• Work instructions
Would you reproduce the data below exactly, please, leaving out its images?

• Information provided
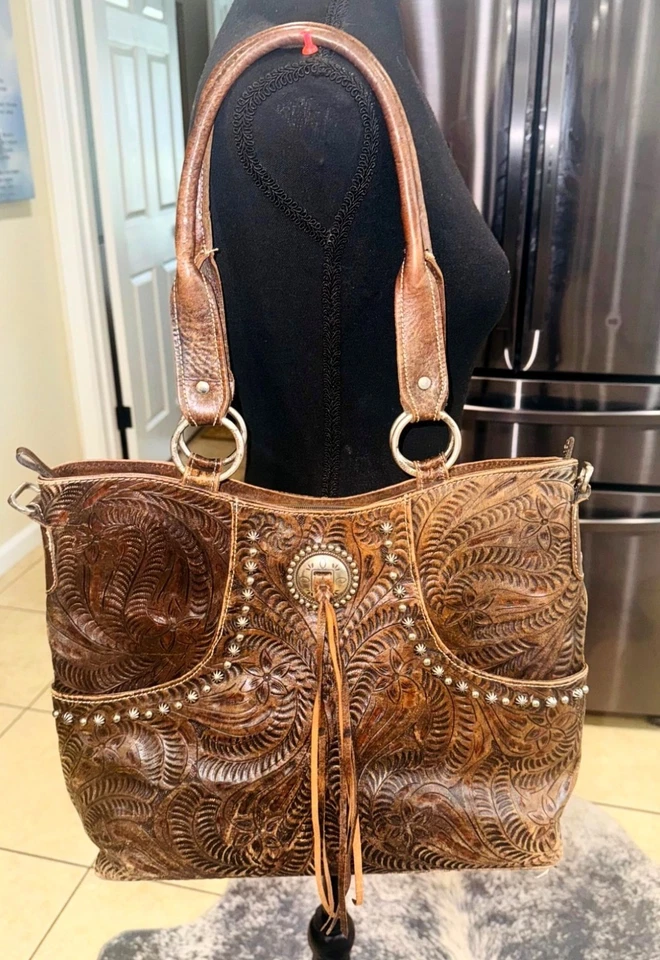 Bolso de Cuero Marrón Repujado American West Tooled De Colección Concho Acento Flecos Western Foto 1 de 4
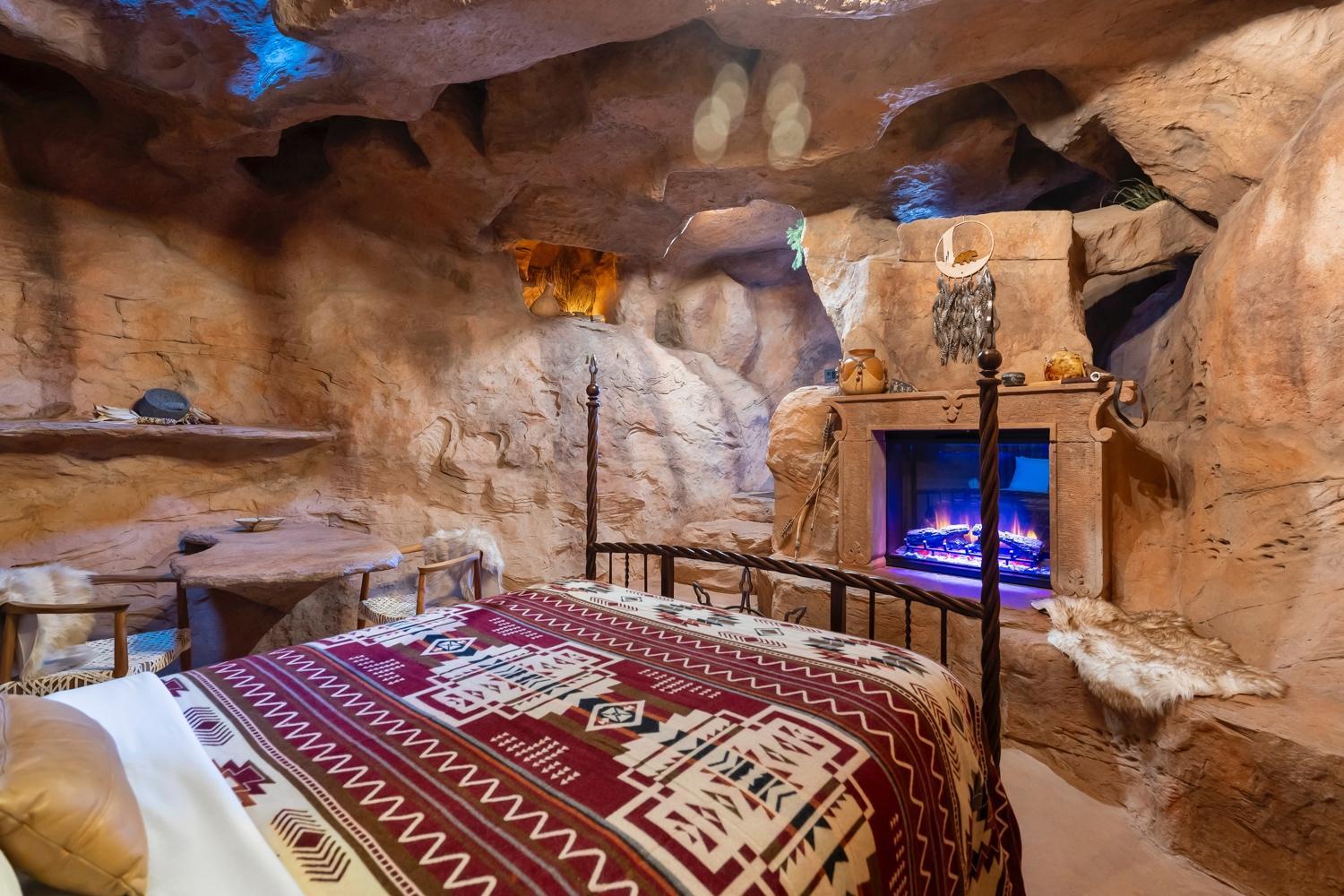 Cave Dwellers- Zions' Only Hand-Sculpted Cave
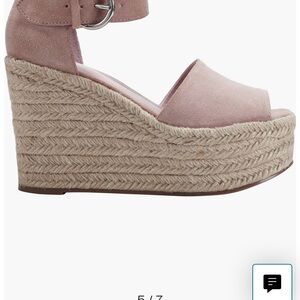 Marc Fisher platform wedge sandal pale pink size 8 **BRAND NEW, NEVER WORN**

• Output
 Bolso de Cuero Marrón Repujado American West Tooled De Colección Concho Acento Flecos Western Foto 1 de 4
 Cave Dwellers- Zions' Only Hand-Sculpted Cave
 Marc Fisher platform wedge sandal pale pink size 8 **BRAND NEW, NEVER WORN**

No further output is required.